Saturday, September 26, 2020

Denney Kitfox Mk IV Speedster, N525PP: Accident occurred September 24, 2020 near Lake County Airport (KLXV), Leadville, Colorado

This is preliminary information, subject to change, and may contain errors. Any errors in this report will be corrected when the final report has been completed.

The National Transportation Safety Board did not travel to the scene of this accident. 

Additional Participating Entity: 
Federal Aviation Administration / Flight Standards District Office; Denver, Colorado

Location: Leadville, CO
Accident Number: CEN20LA424
Date & Time: September 24, 2020, 14:30 Local
Registration: N525PP
Aircraft: Kitfox STI 
Injuries: 1 Serious
Flight Conducted Under:

On September 24, 2020, about 1430 mountain daylight time, a Kitfox EXP Speedster, N525PP, was substantially damaged when it was involved in an accident near Leadville, Colorado. The private pilot sustained serious injuries. The airplane was operated as a Title 14 Code of Federal Regulations Part 91 personal flight.

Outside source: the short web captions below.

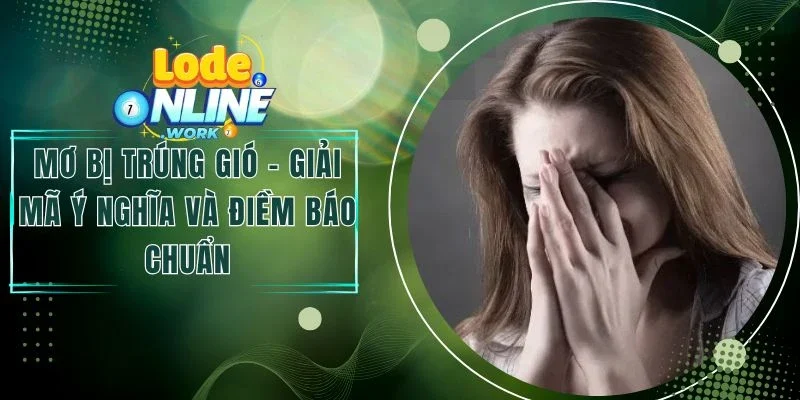 Mơ Bị Trúng Gió - Giải Mã Ý Nghĩa Và Điềm Báo Chuẩn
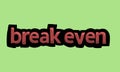 BREAK EVEN writing vector design on a green background Royalty Free Stock Photo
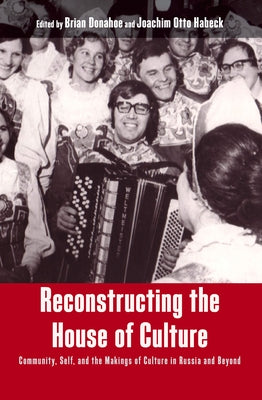 Reconstructing the House of Culture: Community, Self, and the Makings of Culture in Russia and Beyond by Donahoe, Brian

According to the pilot, he filled both fuel tanks prior to prefight and runup at the Lake County Airport (LXV), Leadville, Colorado. The pilot taxied to runway 34 and began the takeoff. The pilot stated that although the initial runup was normal, it seemed as the airplane was using more runway than expected during the takeoff roll. The airplane became airborne, settled back onto the runway surface, and became airborne again. The pilot stated that the airplane was not climbing normally at the departure end of the runway and the pilot noticed that his engine RPMs were in the low 4,000s. The airplane was not climbing out of ground effect and was descending despite a wide-open throttle.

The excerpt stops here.